Scotland’s Catholic Church is facing potentially its biggest shakeup since the 1940s after the Vatican asked bishops to consider the possibility of merging dioceses.

Image illustrating this story
The Bishops of Scotland met last month

The request from Rome could see a future where dioceses share resources or ultimately merge into larger more manageable units in order to carry out their mission more effectively.

Currently there are six dioceses and two archdioceses in Scotland.

The smallest is Argyll and the Isles with just 10,000 Catholics and the largest is Glasgow with just under 200,000. The newest are Paisley and Motherwell which were erected by Pope Pius XII in 1947.

Request

Following a request from the Vatican, the Bishops of Scotland met last month to reflect on how the structures of the Church in Scotland can best serve her mission in the years ahead, specifically whether the present situation of eight dioceses is sustainable.

A spokesman said: “We are all aware of the challenges before us – fewer clergy, changing patterns of practice, and increasing pressures on our diocesan resources, among other things.

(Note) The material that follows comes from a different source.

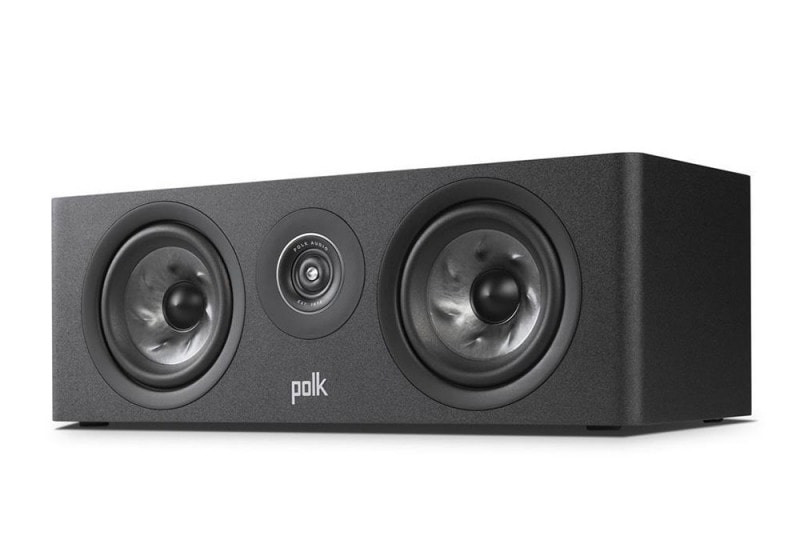 Polk Audio - R300/BLK/�֥�å���1�ܡ˥��󥿡����ԡ�������JP�աں߸�ͭ��¨Ǽ��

Yet our mission remains unchanged: to proclaim the Gospel and to lead our people to Christ.

“Two possible pathways are being proposed for careful discernment: developing deeper cooperation and the sharing of resources across dioceses within our present structures, or the merging of some dioceses.”

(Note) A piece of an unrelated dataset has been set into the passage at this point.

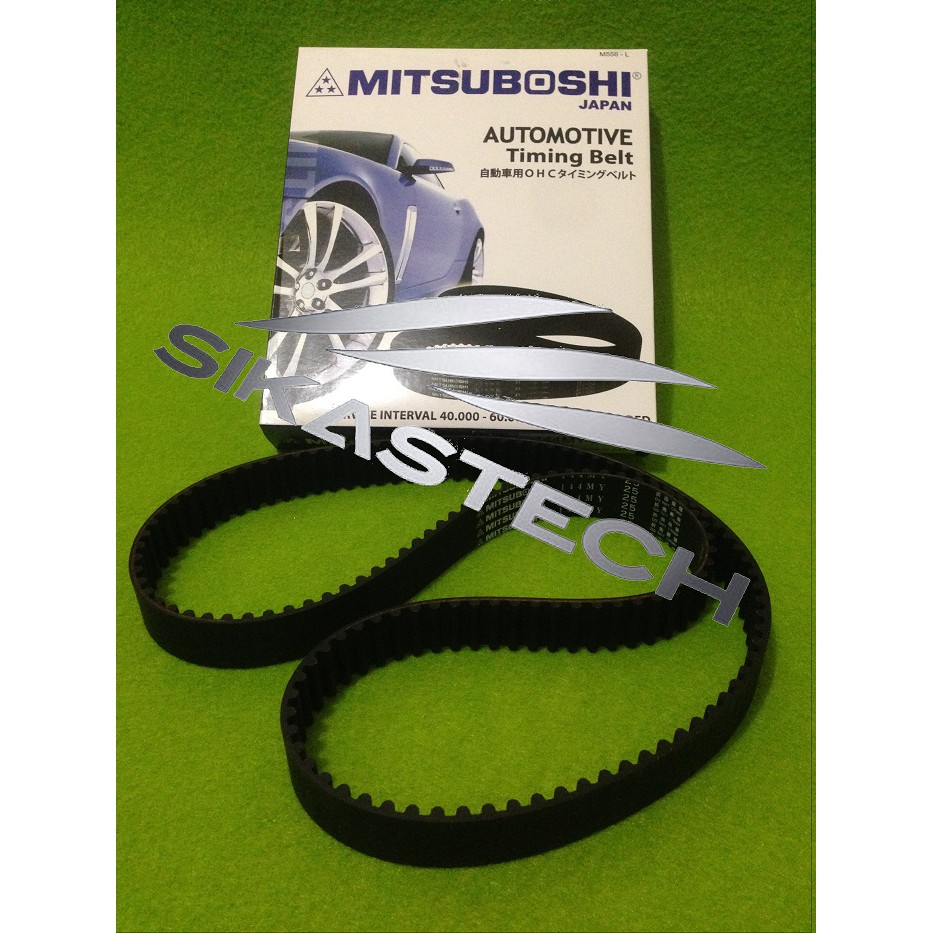 Timing Belt Persona Price & Promotion-Okt 2026 | BigGo Malaysia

Each bishop will engage with his own diocese over the coming months for the first part of this process and responses will be given to Rome in the Autumn. In Glasgow the topic will initially be discussed at Deanery level and by the Council of Priests in coming months.

The practice of merging dioceses is increasingly common. In Wales last year Cardiff and Menevia merged to form the new Archdiocese of Cardiff-Menevia.

Ireland

In Ireland the dioceses of Galway and Clonfert are united under one bishop as are the dioceses of Achonry and Elphin.

In Italy some bishops are in charge of up to six dioceses. Cardinal Paolo Lojudice is technically head of the Archdiocese of Siena which is now merged with the dioceses of Colle di Val d’Elsa, Montalcino, Montepulciano, Chiusi and Pienza.

Archbishop Nolan said: “This is not simply an administrative exercise. It is a pastoral and missionary response to our changing landscape.

“This process will ensure the Church in Scotland will continue to grow ever more missionary, more Christ-centred, and more collaborative as we move forward together with confidence and renewed hope.”